De plain pied avec la rue, tout en transparence et en porosité avec l’espace public, le bâti en angle de la Fat galerie offre actuellement à la vue du passant la maquette d’un banc, ou le banc lui-même. Composé de cinq modules qui s’ajustent sans contact, Burnout Bench emprunte l’allure d’un mécano bien que ses pièces ne soient pas interchangeables. Anguleuse, sa structure dentelée acquiert rondeur et souplesse par l’accord des parties entre elles. En objet à la fois commun et singulier, il a l’assise du mobilier urbain et la plasticité d’une image 3D, la rudesse du métal aux soudures apparentes et l’apesanteur d’une constellation.
De la pénombre du sous-sol apparaissent cinq chaises aussi diverses que l’avatar d’un fauteuil Louis XV et l’enveloppe immaculée d’un iceberg, et pourtant générées par le même désir d’objets d’un seul tenant, le fantasme de volumes auto-engendrés. La main n’en est pas absente pour autant. Si les lignes virtuelles du mobilier de Julian Mayor naissent de l’outil numérique, leur créateur les réalise manuellement.

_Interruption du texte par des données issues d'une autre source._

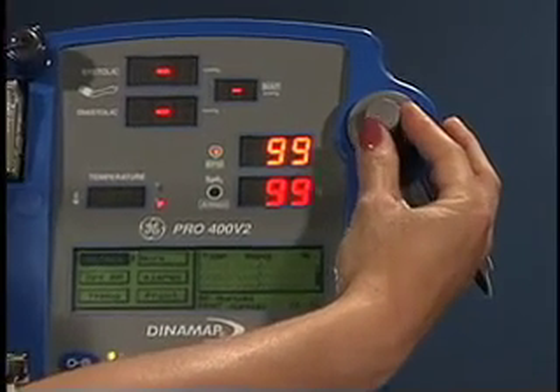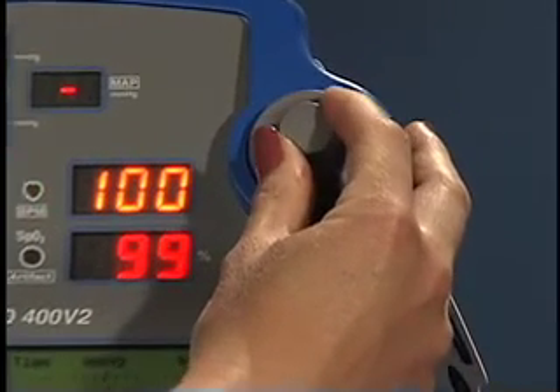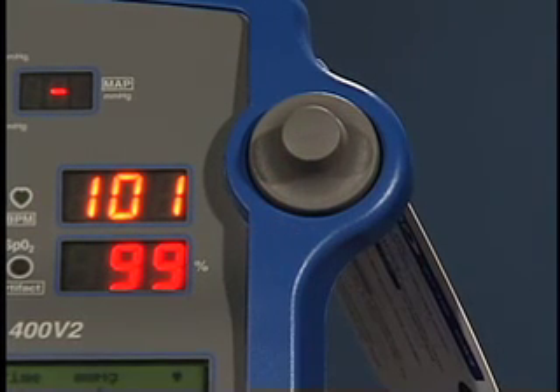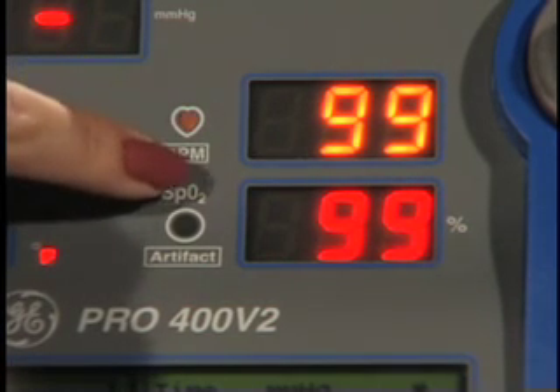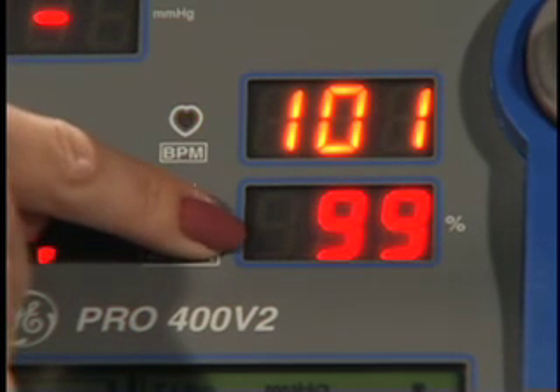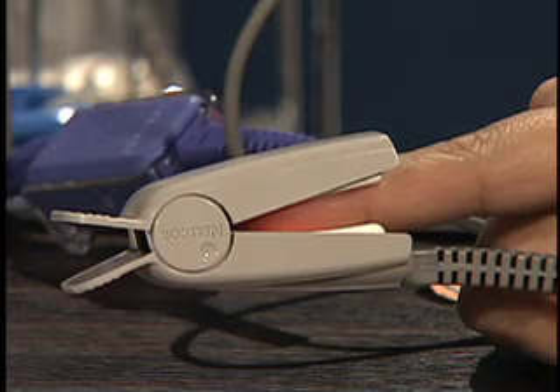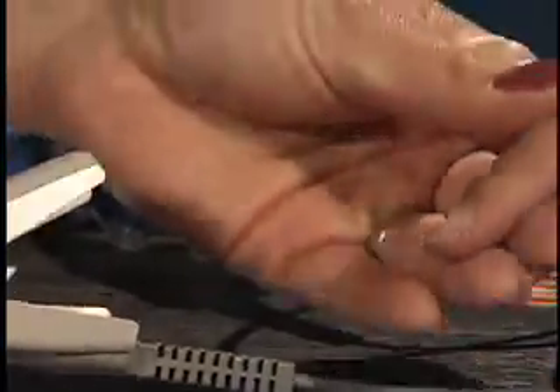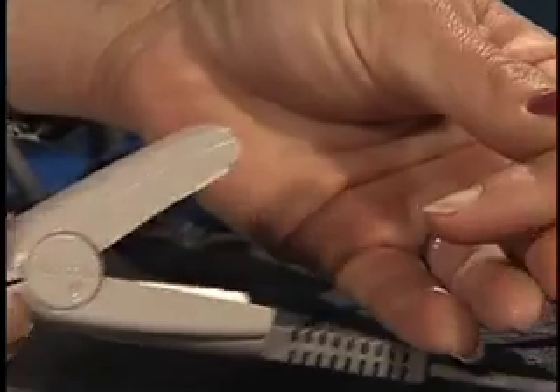Set the alarms on the pulse oximeter according to agency protocol. Check oxygen saturation at regular intervals as ordered by physician and necessitated by alarms. Intermittently, remove the sensor per protocol to assess circulation and skin condition under the sensor. Check the sensor probe site as needed.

Il engage modestement, par la fabrication artisanale d’objets à caractère futuriste, la remise en circulation de notions prématurément allouées à des domaines circonscrits. A la conception informatique ne répond pas l’utilisation de matériaux issus des nouvelles technologies, mais une économie de moyens rappelant à l’usage commun. La référence historique d’un modèle rococo n’est pas suivie de l’ornement attendu, mais d’une stratification de lamelles contrecollées engendrant un relief plus paysager que décoratif, relevant de la maquette géologique plus que des courbes d’époque.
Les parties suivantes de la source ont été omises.